The task —
Output, exactly as written, the lines below from the one that has "Men's Fleece-Lined Suede-Effect" through the one that has "Sparkling Red White"; nothing else, and no pictures.

Supplied information —
----

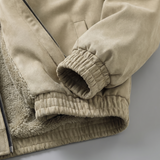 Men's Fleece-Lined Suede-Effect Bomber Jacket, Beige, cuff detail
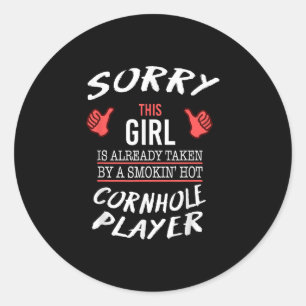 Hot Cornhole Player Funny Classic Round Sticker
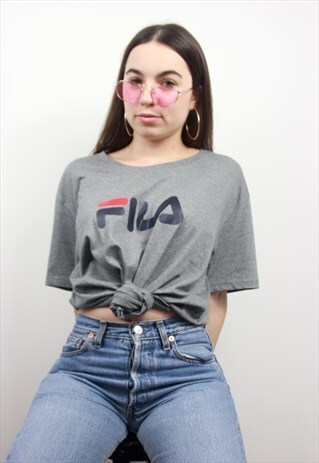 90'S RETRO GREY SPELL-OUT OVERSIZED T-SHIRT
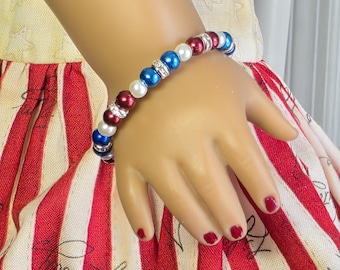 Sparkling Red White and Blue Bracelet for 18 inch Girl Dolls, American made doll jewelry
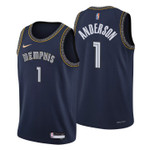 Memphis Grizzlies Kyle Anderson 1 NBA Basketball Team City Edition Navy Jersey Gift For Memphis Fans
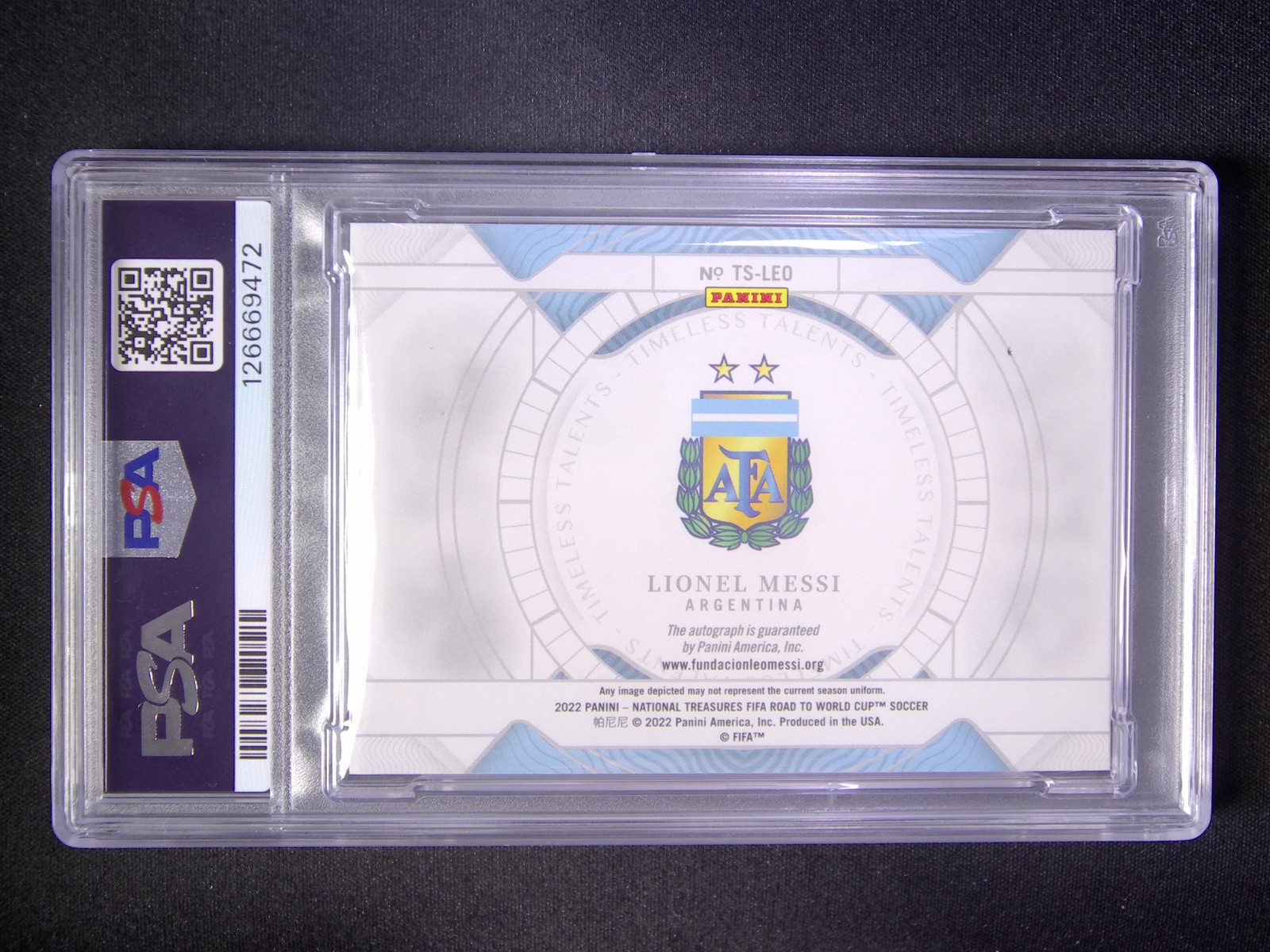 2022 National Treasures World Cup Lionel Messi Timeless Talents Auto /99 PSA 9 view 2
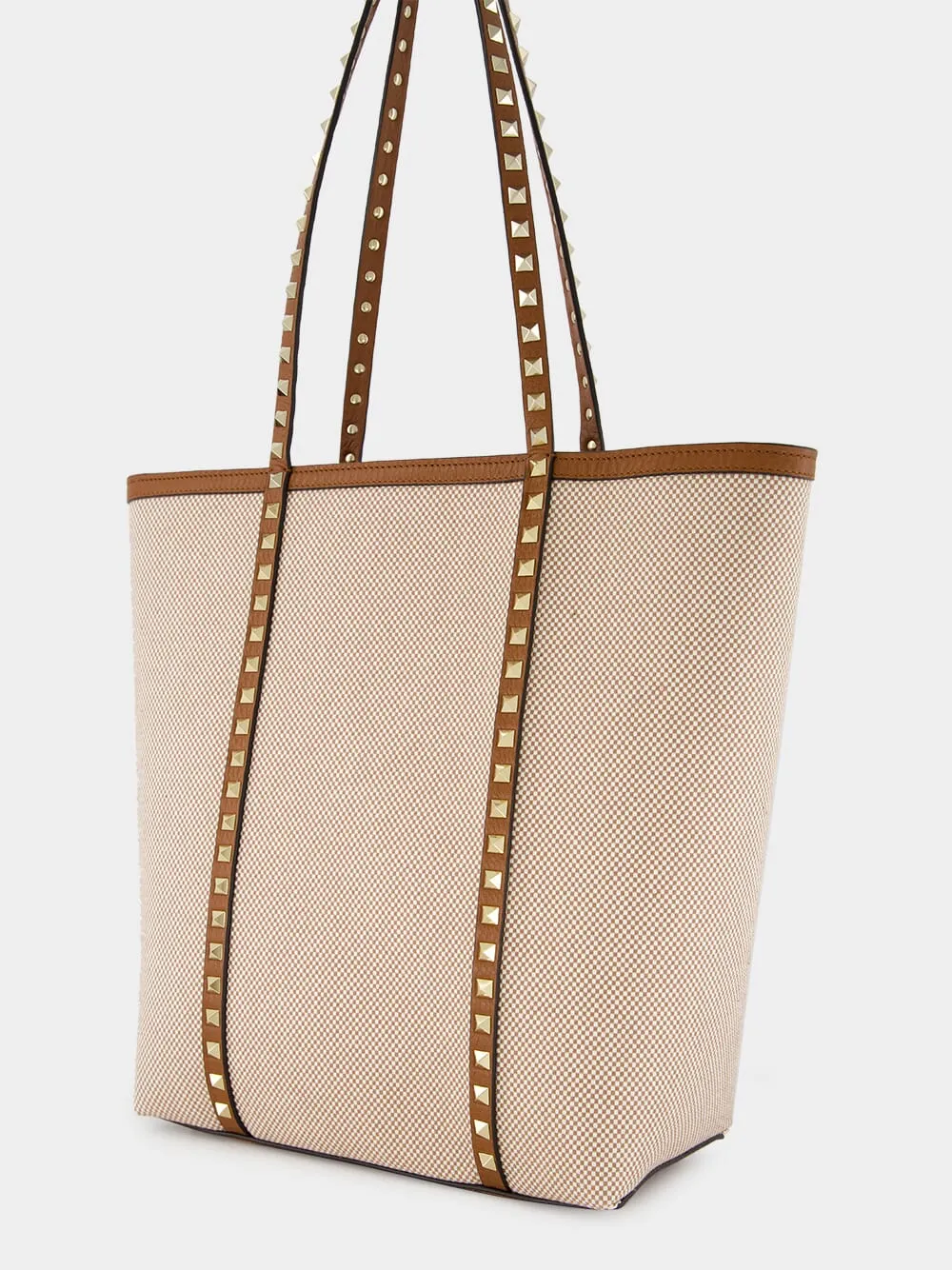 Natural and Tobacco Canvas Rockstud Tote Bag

----

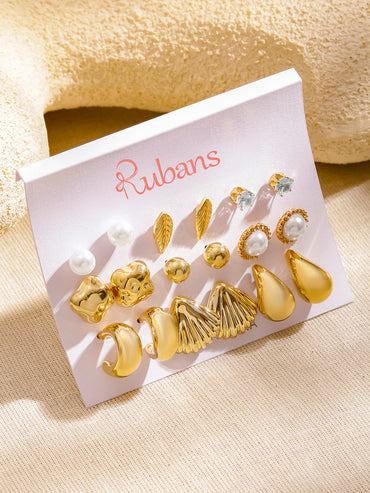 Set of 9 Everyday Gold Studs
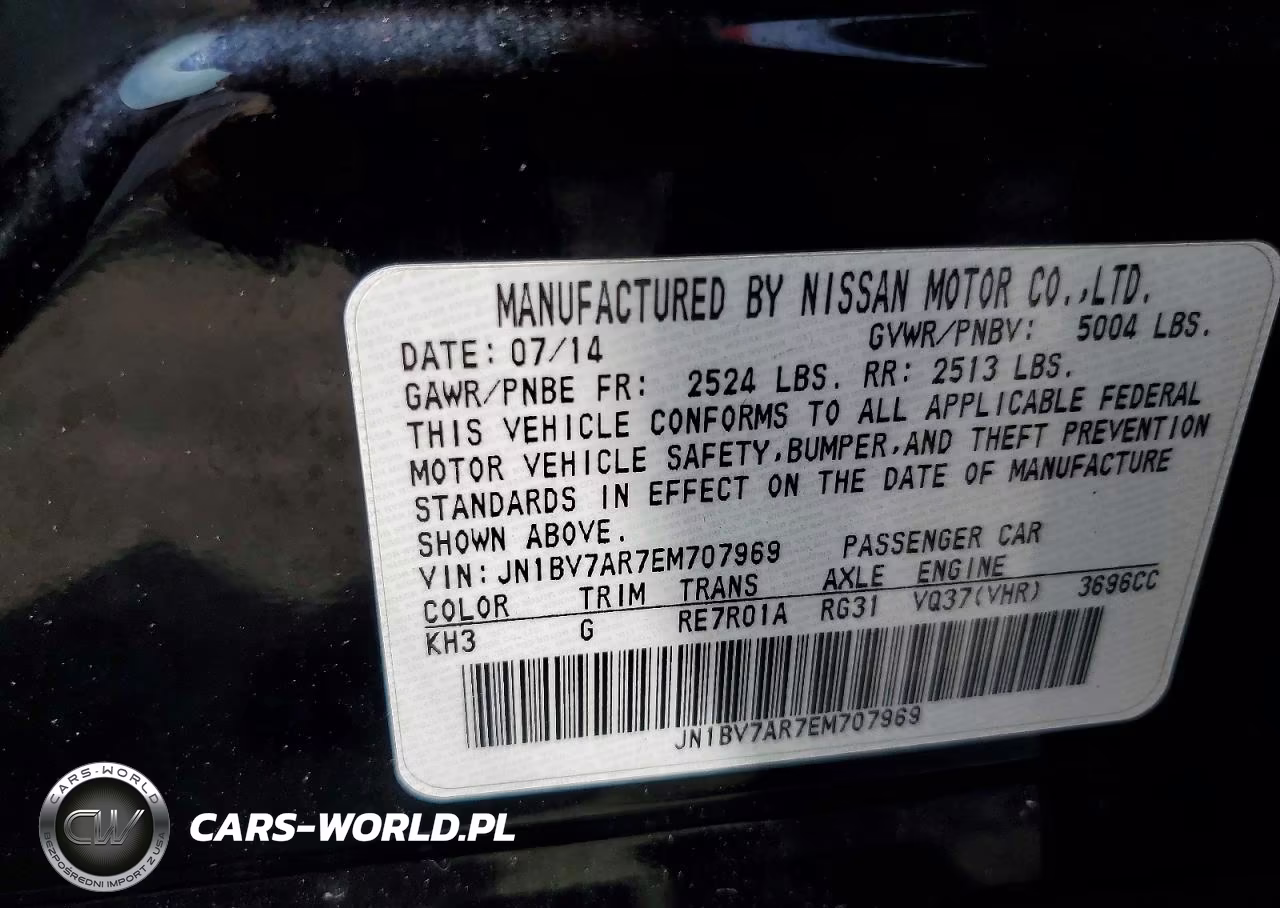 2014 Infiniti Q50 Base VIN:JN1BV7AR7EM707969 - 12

----

Exercise result —
 Men's Fleece-Lined Suede-Effect Bomber Jacket, Beige, cuff detail
 Hot Cornhole Player Funny Classic Round Sticker
 90'S RETRO GREY SPELL-OUT OVERSIZED T-SHIRT
 Sparkling Red White and Blue Bracelet for 18 inch Girl Dolls, American made doll jewelry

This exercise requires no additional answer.